▼▼▼
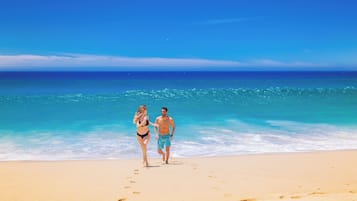 En la playa, camastros, sombrillas y toallas de playa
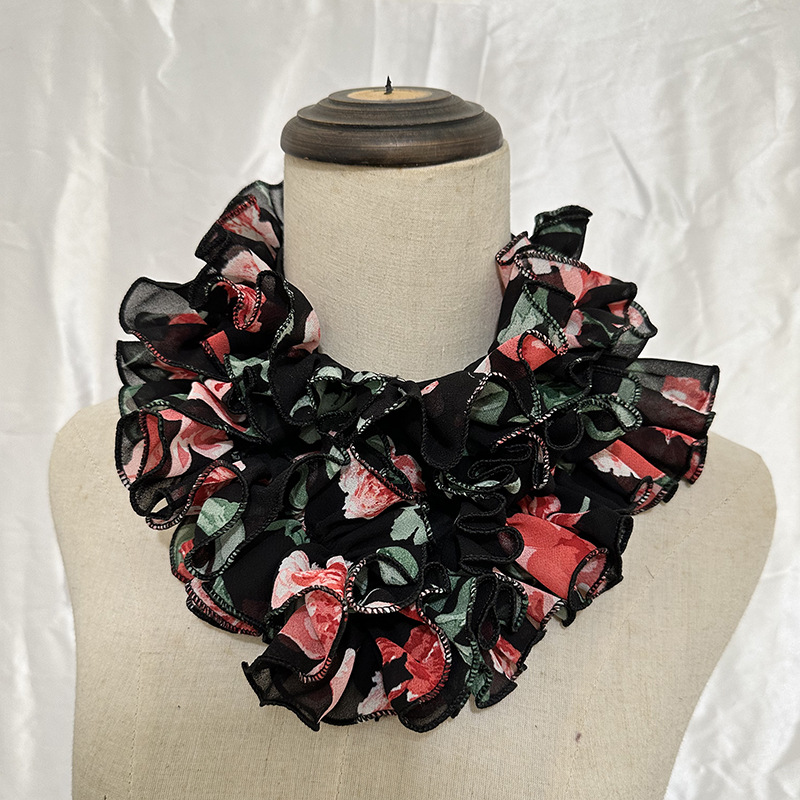 A versatile pullover and scarf for women in autumn, with a heart-shaped neckline and a retro Korean-style fake collar decorated with flowers Application Scenario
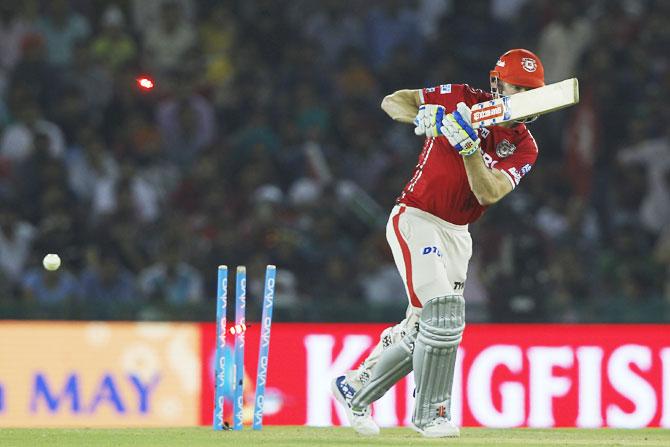 Shaun Marsh is bowled by Chris Woakes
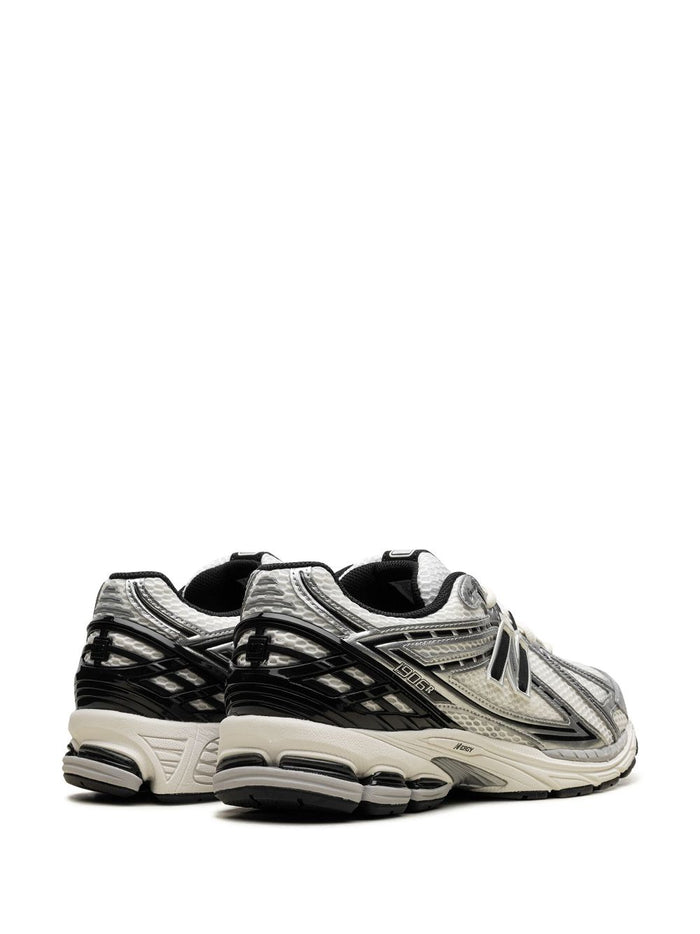 New Balance Sneakers White Rubber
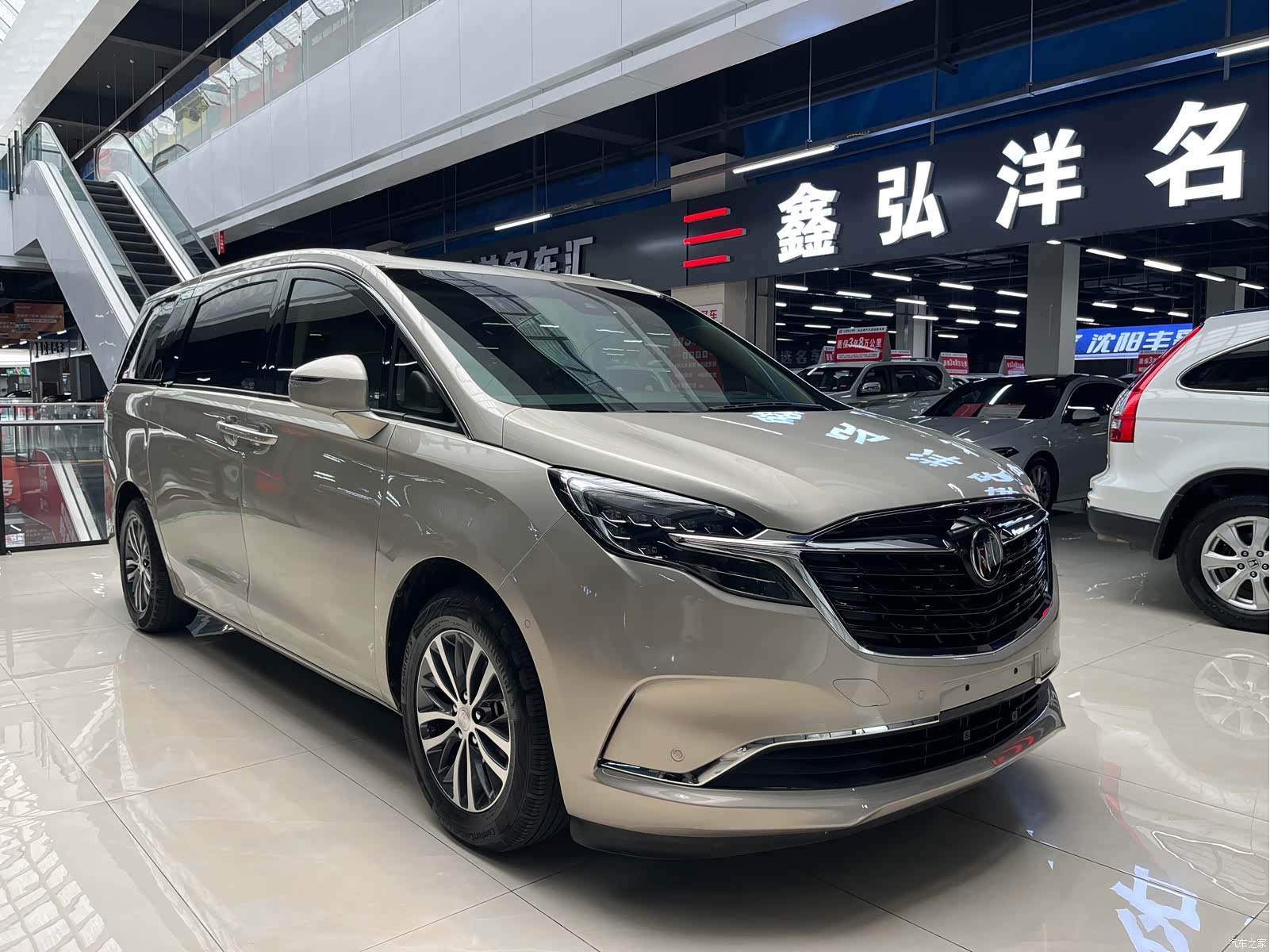 Buick GL8, 2022 3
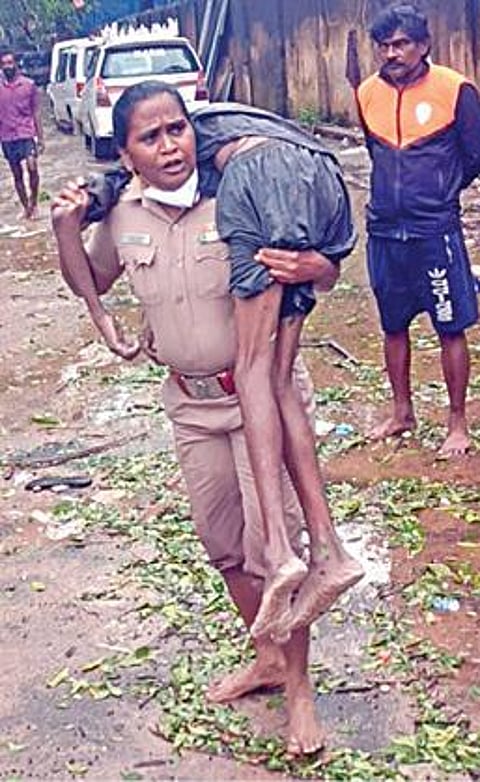 கீழ்ப்பாக்கம் கல்லறைத் தோட்டத்தில் மயங்கிக் கிடந்த இளைஞரை தோளில் சுமந்துசென்ற ஆய்வாளர்: காவல் துறை அதிகாரிகள், பொதுமக்கள் பாராட்டு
▲▲▲
-- Required work --
Your answer must be an exact repeat of all the records, minus the pictures.

-- Solution below --
 En la playa, camastros, sombrillas y toallas de playa
 A versatile pullover and scarf for women in autumn, with a heart-shaped neckline and a retro Korean-style fake collar decorated with flowers Application Scenario
 Shaun Marsh is bowled by Chris Woakes
 New Balance Sneakers White Rubber
 Buick GL8, 2022 3
 கீழ்ப்பாக்கம் கல்லறைத் தோட்டத்தில் மயங்கிக் கிடந்த இளைஞரை தோளில் சுமந்துசென்ற ஆய்வாளர்: காவல் துறை அதிகாரிகள், பொதுமக்கள் பாராட்டு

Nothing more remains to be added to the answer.